The absolute star of the first six races is the Brawn GP BGP 001, which was driven to victory five times by Jenson Button. It has been a real fairytale for the team that did not exist a month before the start of the season. Built on the remains of the Honda team, Brawn GP has made the most of the head-start they had while developing the new 2009 contender. Although not the prettiest of cars, the Mercedes-Benz engined BGP 001 has already deserved a place in F1's rich history alongside the following three machines.
The oldest is the Porsche 804 F1 built for the 1962 season. American Dan Gurney used it to score the German manufacturer's only Grand Prix win. The featured example was used mostly by Gurney's team-mate Jo Bonnier and has survived in a breathtakingly original condition. Our 12-shot gallery reveals most of the car's many unusual features.
Well over a decade later Gilles Villeneuve used the Ferrari 312 T3 to clinch his maiden victory at his home race during the inaugural Grand Prix on the Ile de Montreal. In the hands of Carlos Reutemann, the T3 had scored three more victories but ultimately it was outpaced by the ground-effects Lotus 79. Included in our article are three of the five 312 T3s built.
It was at Lotus, in the mid-1980s, that Ayrton Senna became a regular Grand Prix winner. In 1986 he campaigned the 98T, which he drove to two victories. Even more impressive were his eight pole positions. The 98T was the last Lotus to wear the legendary JPS colors and the last Lotus powered by the twin-turbo Renault engine.
2009-06-01: Legendary Corvette Grand Sport and Camaro SS to soften the GM Chapter 11 pain ...

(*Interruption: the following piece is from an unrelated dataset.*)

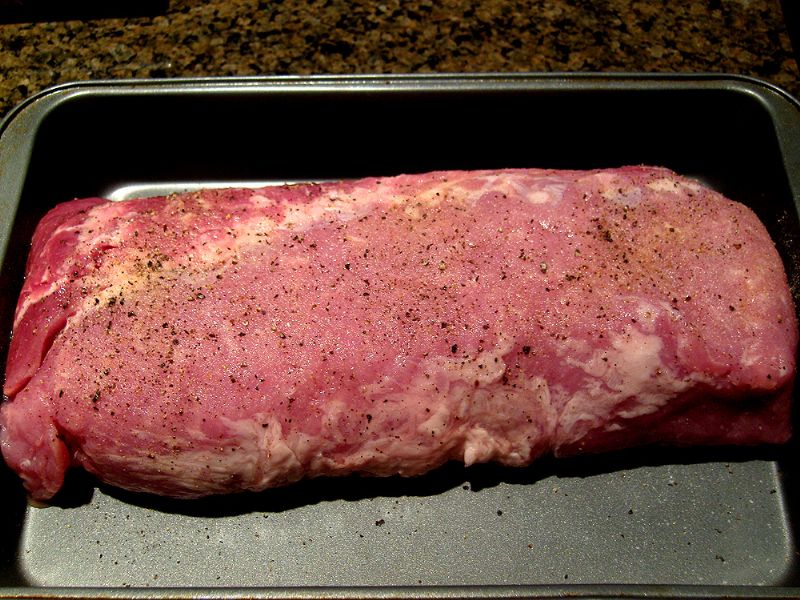 Season tenderloin in pan with salt, pepper, garlic powder and onion powder.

Today looks set to become a turning point in General Motors' history. Two years ago GM was still the worlds largest car maker, as of today, the company has filed for Chapter 11 bankruptcy protection. With the help of the American government, who have taken a 60% stake, the Detroit manufacturer hopes to start back from scratch. We will not bore you with the financial details but instead we have taken a closer look at two of the company's finest products to show just why the American manufacturer should survive.
First up is our all time favourite GM racing car, the Chevrolet Corvette Grand Sport. Built against the wishes of the top brass, this lightweight competition car was developed in secrecy by the Corvette's spiritual father Zora-Arkus Duntov. Although they looked somewhat similar to the road-going Corvettes, under the fiberglass body they were bespoke racing cars. On the track the Grand Sport proved more than a match for the Cobra endorsed by GM's big rival Ford. The executives nevertheless called for the cars to be destroyed once they found what had happened right under their noses. Fortunately, the cars were quietly sold to privateers, who continued to race the very special Corvettes. Our article includes two of the three surviving coupes. Both have been restored to their 1964 Sebring 12 Hours specification livery and are pictured at recent outings at events like the Monterey Historics and The Quail, a Motorsports Gathering.
Slightly more civilized is this first generation Chevrolet Camaro SS. Built between 1967 and 1969 these earliest Camaros are the most sought after. It is hardly surprisisng that for the new Camaro, the original bodystyle served as an inspiration. The pictured example is seen at the 2008 Concours on the Avenue in Carmel, shortly after a complete restoration.
Hopefully the slimmed down General Motors will continue to build road and racing cars like these two in the future.